There are different options for surgical treatment methods for bile duct injury, and the person who will determine the most appropriate treatment method is the physician. In a simple biliary injury, if the integrity of the bile duct is not compromised, the patient's condition is monitored. In some patients, the condition improves completely. If the bile leakage is more serious, ERCP and biliary stent placement may be required. If appropriate surgical intervention is not performed in bile duct injury, it may lead to diseases such as biliary tract inflammation, jaundice, liver failure and cirrhosis.

 

Gallbladder Obstruction Jaundice
The disease that occurs when bile flow to the intestine stops due to an obstruction in the main bile ducts is called obstructive jaundice.

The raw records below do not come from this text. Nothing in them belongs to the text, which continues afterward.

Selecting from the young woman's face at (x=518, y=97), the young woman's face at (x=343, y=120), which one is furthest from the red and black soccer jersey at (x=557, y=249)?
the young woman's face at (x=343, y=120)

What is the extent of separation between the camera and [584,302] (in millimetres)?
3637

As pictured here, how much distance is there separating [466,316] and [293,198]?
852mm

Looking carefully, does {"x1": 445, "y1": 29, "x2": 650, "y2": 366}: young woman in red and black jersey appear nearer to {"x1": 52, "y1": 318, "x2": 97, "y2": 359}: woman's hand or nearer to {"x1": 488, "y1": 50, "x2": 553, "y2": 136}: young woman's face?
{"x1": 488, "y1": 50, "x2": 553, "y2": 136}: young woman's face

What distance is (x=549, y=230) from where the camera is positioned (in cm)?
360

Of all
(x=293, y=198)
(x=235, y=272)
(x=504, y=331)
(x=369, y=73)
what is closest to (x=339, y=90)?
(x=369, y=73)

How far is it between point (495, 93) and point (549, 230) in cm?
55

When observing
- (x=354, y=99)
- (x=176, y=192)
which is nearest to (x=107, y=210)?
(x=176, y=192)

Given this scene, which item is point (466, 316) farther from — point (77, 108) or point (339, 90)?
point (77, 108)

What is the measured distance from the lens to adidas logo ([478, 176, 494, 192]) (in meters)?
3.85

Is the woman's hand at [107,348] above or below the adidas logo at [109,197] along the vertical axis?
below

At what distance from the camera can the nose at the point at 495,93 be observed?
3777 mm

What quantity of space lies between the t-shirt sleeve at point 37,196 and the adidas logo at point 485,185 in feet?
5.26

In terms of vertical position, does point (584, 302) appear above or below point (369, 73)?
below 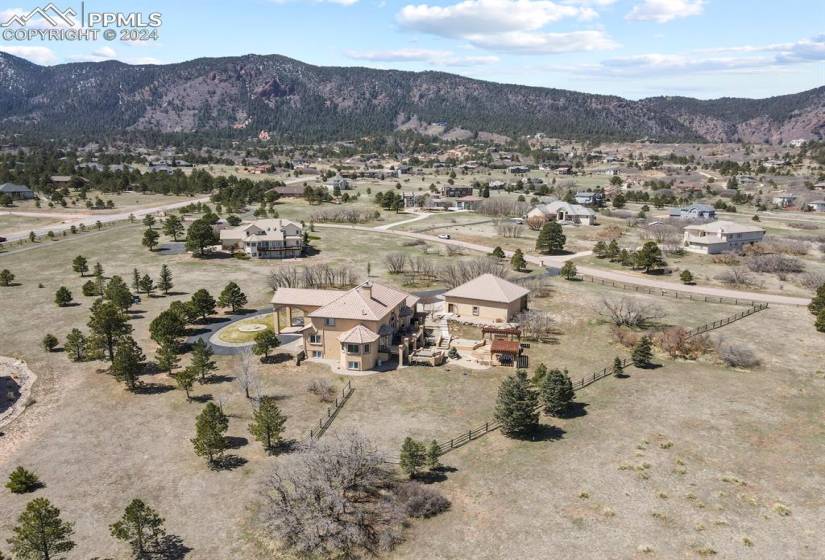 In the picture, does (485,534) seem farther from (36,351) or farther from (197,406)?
(36,351)

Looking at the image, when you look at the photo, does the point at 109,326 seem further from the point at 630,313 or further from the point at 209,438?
the point at 630,313

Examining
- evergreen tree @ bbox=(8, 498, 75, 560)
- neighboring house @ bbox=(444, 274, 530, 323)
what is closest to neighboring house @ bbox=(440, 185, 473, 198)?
neighboring house @ bbox=(444, 274, 530, 323)

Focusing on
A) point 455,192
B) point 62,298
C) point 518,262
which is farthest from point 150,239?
point 455,192

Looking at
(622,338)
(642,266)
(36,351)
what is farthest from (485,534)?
(642,266)

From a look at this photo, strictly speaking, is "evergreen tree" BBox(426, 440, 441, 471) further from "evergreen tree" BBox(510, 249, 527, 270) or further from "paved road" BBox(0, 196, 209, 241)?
"paved road" BBox(0, 196, 209, 241)

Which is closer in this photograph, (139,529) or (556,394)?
(139,529)

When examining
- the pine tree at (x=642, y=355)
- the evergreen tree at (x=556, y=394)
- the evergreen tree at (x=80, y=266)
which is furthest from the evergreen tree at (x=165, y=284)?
the pine tree at (x=642, y=355)

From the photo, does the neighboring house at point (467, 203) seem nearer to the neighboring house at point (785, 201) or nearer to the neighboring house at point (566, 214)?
the neighboring house at point (566, 214) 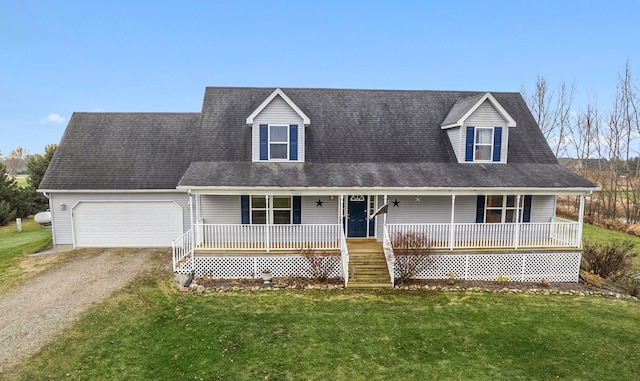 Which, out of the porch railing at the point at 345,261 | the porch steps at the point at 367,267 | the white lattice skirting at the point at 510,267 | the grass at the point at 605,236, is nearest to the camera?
the porch railing at the point at 345,261

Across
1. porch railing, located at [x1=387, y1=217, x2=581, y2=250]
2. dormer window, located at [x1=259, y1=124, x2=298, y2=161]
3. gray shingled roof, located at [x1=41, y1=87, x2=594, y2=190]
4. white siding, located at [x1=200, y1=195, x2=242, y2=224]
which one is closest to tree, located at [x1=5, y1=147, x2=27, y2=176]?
gray shingled roof, located at [x1=41, y1=87, x2=594, y2=190]

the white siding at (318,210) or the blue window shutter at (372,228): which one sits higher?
the white siding at (318,210)

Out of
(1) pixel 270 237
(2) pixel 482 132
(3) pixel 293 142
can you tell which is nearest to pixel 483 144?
(2) pixel 482 132

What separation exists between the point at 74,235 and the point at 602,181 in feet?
139

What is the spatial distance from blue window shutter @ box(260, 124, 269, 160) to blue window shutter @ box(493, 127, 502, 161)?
32.7 ft

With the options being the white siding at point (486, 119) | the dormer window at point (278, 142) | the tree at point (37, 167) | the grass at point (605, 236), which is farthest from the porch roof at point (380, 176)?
the tree at point (37, 167)

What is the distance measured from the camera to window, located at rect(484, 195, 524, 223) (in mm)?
14484

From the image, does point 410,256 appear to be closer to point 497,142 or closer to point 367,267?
point 367,267

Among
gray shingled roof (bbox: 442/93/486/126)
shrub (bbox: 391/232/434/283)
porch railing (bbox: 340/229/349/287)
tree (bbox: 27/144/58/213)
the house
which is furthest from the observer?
tree (bbox: 27/144/58/213)

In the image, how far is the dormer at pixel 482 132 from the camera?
584 inches

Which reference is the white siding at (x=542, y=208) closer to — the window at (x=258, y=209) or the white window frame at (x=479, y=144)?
the white window frame at (x=479, y=144)

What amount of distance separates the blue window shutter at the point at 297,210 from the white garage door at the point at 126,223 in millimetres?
5933

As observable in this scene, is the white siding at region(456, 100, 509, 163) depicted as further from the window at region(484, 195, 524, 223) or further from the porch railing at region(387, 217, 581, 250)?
the porch railing at region(387, 217, 581, 250)

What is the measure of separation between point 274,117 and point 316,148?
2.31m
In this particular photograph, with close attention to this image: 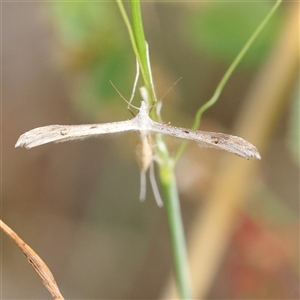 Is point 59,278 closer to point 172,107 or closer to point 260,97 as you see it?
point 172,107

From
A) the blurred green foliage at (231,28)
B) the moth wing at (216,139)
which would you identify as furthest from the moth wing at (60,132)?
the blurred green foliage at (231,28)

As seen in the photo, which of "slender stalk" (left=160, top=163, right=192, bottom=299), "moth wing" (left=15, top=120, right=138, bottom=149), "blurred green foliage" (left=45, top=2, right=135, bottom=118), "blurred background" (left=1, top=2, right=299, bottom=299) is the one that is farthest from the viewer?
"blurred background" (left=1, top=2, right=299, bottom=299)

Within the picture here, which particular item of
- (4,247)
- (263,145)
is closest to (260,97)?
(263,145)

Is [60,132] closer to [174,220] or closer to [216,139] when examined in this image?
[216,139]

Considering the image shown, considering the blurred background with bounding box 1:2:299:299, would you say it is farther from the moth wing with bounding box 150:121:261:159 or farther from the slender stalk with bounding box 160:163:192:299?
the moth wing with bounding box 150:121:261:159

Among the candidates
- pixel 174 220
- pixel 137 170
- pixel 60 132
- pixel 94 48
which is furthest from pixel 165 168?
pixel 137 170

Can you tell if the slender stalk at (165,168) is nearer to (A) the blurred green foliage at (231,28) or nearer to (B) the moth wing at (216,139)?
(B) the moth wing at (216,139)

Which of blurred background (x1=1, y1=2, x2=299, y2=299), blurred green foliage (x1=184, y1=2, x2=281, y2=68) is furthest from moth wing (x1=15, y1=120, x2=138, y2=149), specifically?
blurred green foliage (x1=184, y1=2, x2=281, y2=68) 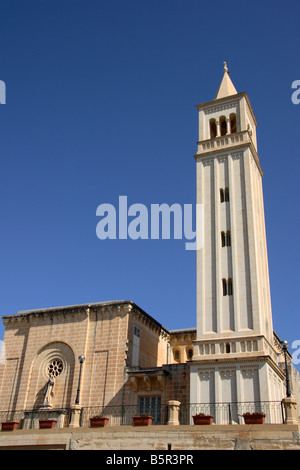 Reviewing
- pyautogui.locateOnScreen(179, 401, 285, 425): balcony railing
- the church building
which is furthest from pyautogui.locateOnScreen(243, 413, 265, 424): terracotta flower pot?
pyautogui.locateOnScreen(179, 401, 285, 425): balcony railing

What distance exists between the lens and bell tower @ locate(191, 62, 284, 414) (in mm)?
28016

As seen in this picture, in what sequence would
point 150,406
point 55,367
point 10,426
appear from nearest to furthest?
point 10,426, point 150,406, point 55,367

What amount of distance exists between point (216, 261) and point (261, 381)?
8711 millimetres

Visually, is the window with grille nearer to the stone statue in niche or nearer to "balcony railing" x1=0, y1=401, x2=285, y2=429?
"balcony railing" x1=0, y1=401, x2=285, y2=429

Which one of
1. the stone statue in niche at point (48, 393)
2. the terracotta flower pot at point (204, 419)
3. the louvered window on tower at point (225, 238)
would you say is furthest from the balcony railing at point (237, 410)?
the stone statue in niche at point (48, 393)

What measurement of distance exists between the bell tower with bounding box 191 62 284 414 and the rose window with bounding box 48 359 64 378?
11651 millimetres

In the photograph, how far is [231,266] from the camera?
104 ft

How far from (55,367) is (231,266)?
51.3 feet

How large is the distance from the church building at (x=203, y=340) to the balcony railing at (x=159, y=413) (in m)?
0.07

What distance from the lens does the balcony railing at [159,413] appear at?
1029 inches

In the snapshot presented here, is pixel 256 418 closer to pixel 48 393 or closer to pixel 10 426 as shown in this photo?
pixel 10 426

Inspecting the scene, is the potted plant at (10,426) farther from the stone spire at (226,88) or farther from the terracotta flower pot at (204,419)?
the stone spire at (226,88)

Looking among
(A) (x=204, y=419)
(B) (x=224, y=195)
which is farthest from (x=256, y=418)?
(B) (x=224, y=195) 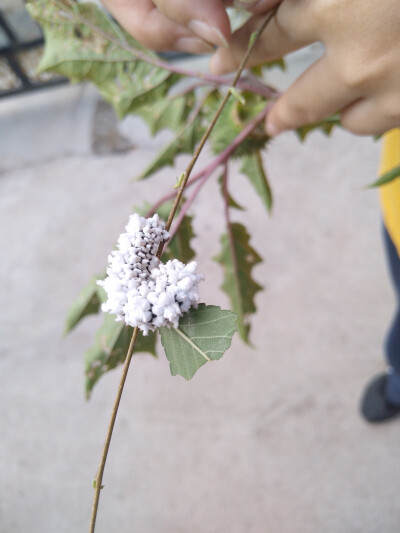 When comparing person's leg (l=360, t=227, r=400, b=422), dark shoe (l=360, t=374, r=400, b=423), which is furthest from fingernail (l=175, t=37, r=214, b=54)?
dark shoe (l=360, t=374, r=400, b=423)

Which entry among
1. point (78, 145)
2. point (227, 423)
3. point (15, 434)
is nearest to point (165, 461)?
point (227, 423)

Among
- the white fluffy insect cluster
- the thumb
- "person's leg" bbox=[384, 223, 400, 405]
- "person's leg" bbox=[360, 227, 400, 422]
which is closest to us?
the white fluffy insect cluster

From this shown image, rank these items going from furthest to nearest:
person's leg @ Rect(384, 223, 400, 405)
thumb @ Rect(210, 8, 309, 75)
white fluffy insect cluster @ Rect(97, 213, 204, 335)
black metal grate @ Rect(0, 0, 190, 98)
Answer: black metal grate @ Rect(0, 0, 190, 98) < person's leg @ Rect(384, 223, 400, 405) < thumb @ Rect(210, 8, 309, 75) < white fluffy insect cluster @ Rect(97, 213, 204, 335)

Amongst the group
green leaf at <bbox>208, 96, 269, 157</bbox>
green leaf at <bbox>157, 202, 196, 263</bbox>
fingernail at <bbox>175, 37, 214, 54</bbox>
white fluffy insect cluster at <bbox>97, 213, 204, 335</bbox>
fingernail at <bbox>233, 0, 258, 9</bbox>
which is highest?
fingernail at <bbox>175, 37, 214, 54</bbox>

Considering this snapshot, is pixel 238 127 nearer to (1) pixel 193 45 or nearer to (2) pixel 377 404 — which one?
(1) pixel 193 45

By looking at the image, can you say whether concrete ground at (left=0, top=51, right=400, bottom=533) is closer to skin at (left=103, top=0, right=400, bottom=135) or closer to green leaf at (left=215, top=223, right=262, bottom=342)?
green leaf at (left=215, top=223, right=262, bottom=342)

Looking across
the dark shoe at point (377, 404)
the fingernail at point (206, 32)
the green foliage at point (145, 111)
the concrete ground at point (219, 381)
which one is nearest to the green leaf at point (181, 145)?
the green foliage at point (145, 111)

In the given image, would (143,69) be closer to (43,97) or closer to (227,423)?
(227,423)

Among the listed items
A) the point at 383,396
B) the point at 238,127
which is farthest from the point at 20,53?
the point at 383,396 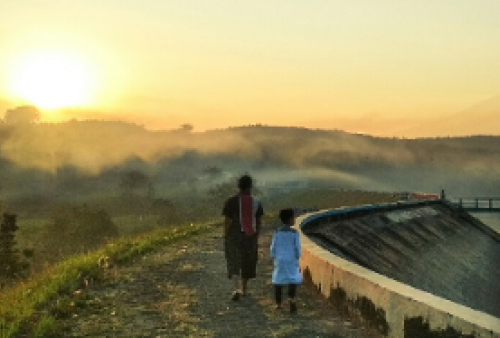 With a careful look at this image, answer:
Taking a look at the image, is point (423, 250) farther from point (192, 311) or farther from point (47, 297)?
point (47, 297)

As a result of the blockage, yellowing of the skin occurs and may cause deterioration in the liver tissue in the long term. Obstructive jaundice may be caused by a tumor in the bile, pancreas, or liver. In people with obstructive jaundice, stool color turns white and urine color turns dark. Diagnosis is made by methods such as abdominal ultrasonography, computed tomography, MRI, MRCP and ERCP.
 
 
Bile Duct Cysts
Bile tract cysts occur as a result of abnormal expansion of the main bile ducts and bile ducts within the liver. Bile tract cysts, the exact cause of which is unknown, may appear as a condition that can develop both at birth and later on. Biliary tract symptoms may occur as biliary tract inflammation, liver abscess, fever, and biliary tract obstruction. Methods such as abdominal ultrasonography, computed tomography, MRI, MRCP and ERCP are used for diagnosis. Since bile duct cysts carry a risk of cancer, the cyst must be completely removed by surgery.

 

Gallbladder Cancer
Malignant tumors formed in the gallbladder wall cause gallbladder cancer. Risk factors that cause the disease are gallbladder stones, polyps, and obesity. The most common symptoms of gallbladder cancer are jaundice and abdominal pain. The diagnosis of the disease is made using abdominal ultrasonography, magnetic resonance, computed tomography, MRCP and ERCP methods. The main treatment method for gallbladder cancer is surgical intervention. If the malignant tumor is only on the inner surface of the gallbladder wall, removal of the gallbladder is sufficient in early stage cancer, but in cases where the tumor progresses to the gallbladder duct and involves the liver tissue, a part of the liver tissue can be removed along with the gallbladder. In advanced cancer patients who cannot be operated on, endoscopic procedures, painkillers and radiological methods can be used to relieve pain.